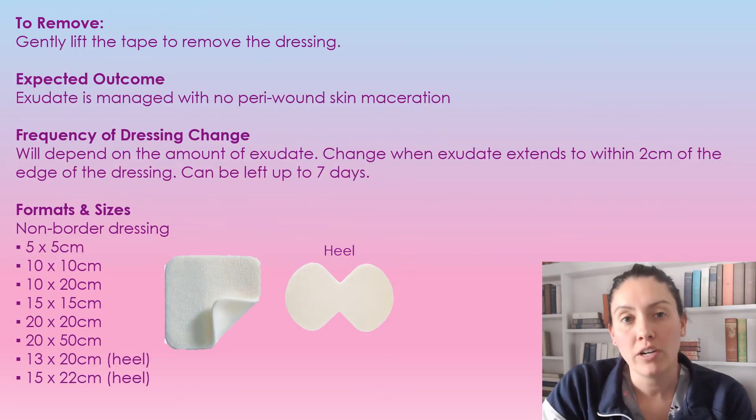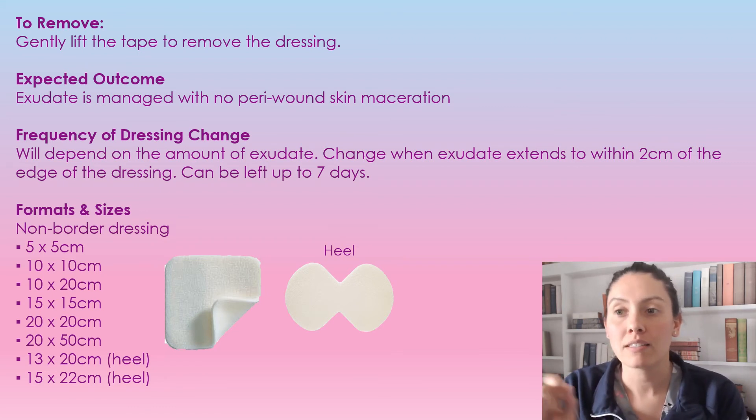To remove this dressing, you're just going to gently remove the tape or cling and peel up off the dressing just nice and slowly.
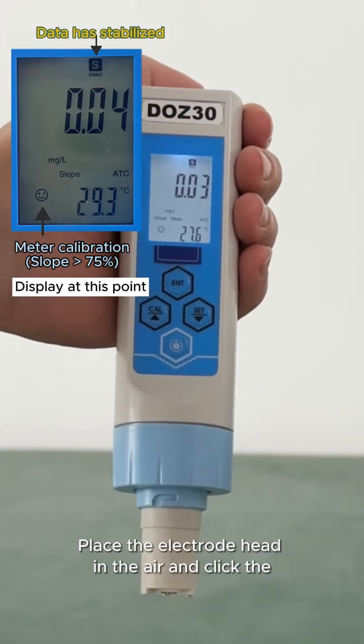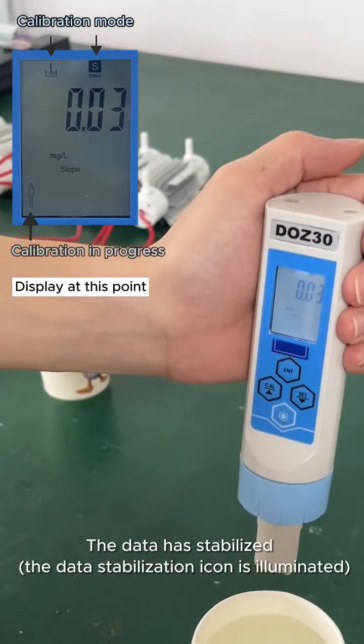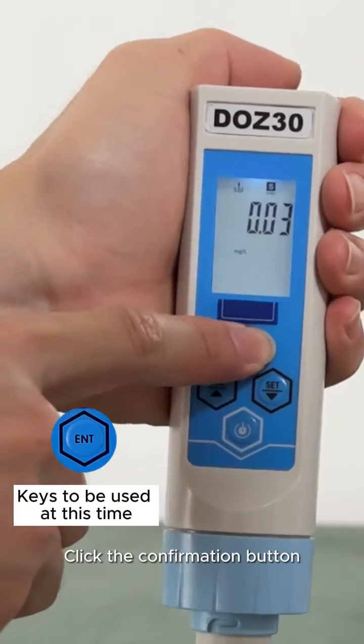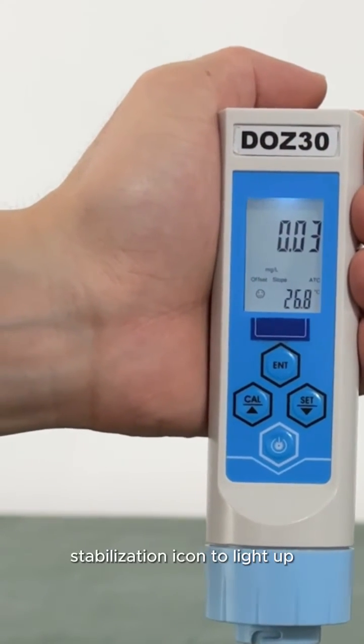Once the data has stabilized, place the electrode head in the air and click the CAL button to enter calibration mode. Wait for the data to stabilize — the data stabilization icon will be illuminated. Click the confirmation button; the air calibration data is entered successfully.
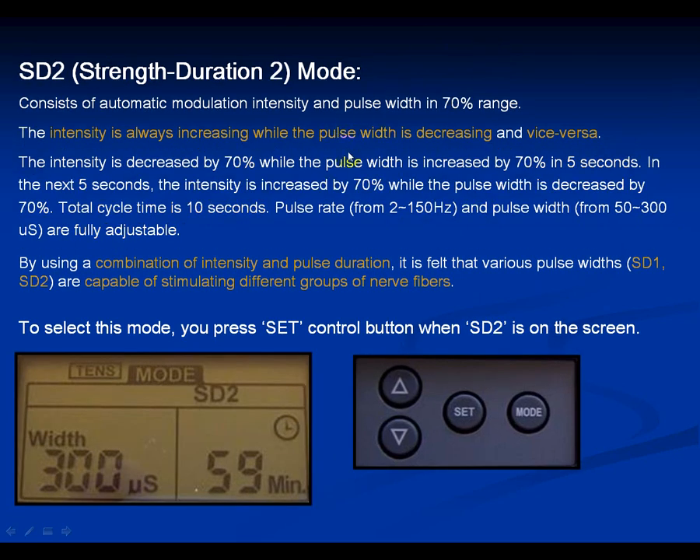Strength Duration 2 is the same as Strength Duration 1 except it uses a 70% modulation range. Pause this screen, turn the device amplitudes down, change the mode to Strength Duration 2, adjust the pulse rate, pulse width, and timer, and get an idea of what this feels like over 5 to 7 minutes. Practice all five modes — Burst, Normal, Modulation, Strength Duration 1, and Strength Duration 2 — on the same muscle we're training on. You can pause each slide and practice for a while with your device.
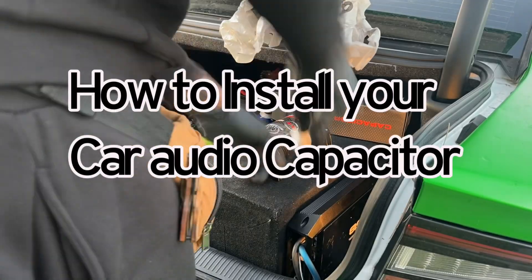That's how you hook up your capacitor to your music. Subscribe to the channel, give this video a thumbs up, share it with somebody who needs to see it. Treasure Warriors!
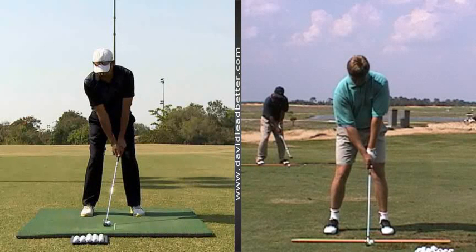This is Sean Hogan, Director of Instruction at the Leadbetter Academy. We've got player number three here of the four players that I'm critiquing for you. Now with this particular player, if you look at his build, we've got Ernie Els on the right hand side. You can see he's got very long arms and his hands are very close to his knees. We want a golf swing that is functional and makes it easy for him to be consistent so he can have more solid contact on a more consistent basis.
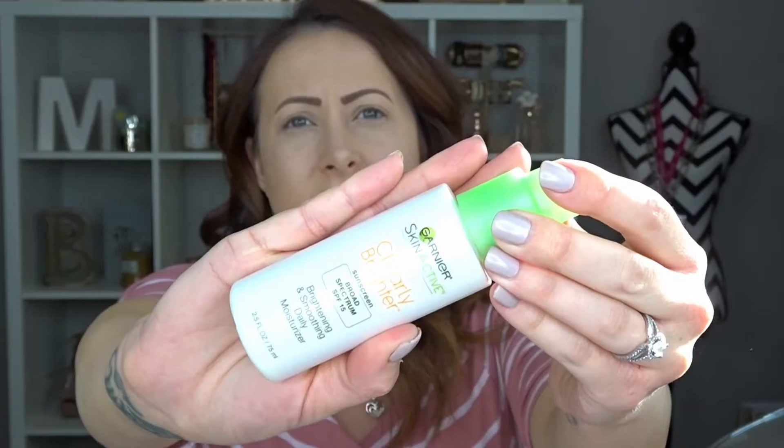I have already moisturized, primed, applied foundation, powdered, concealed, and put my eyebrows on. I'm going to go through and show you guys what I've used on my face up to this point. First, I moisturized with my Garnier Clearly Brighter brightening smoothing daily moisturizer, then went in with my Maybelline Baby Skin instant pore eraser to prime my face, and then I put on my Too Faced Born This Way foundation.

#### [Exercise]
Exactly reproduce the lines that run from the first line of the listing above to the line containing "That's how you", including both; omit the pictures.

#### [Result of this exercise]
To remove this dressing, you're just going to gently remove the tape or cling and peel up off the dressing just nice and slowly.
Once the data has stabilized, place the electrode head in the air and click the CAL button to enter calibration mode. Wait for the data to stabilize — the data stabilization icon will be illuminated. Click the confirmation button; the air calibration data is entered successfully.
Strength Duration 2 is the same as Strength Duration 1 except it uses a 70% modulation range. Pause this screen, turn the device amplitudes down, change the mode to Strength Duration 2, adjust the pulse rate, pulse width, and timer, and get an idea of what this feels like over 5 to 7 minutes. Practice all five modes — Burst, Normal, Modulation, Strength Duration 1, and Strength Duration 2 — on the same muscle we're training on. You can pause each slide and practice for a while with your device.
That's how you hook up your capacitor to your music. Subscribe to the channel, give this video a thumbs up, share it with somebody who needs to see it. Treasure Warriors!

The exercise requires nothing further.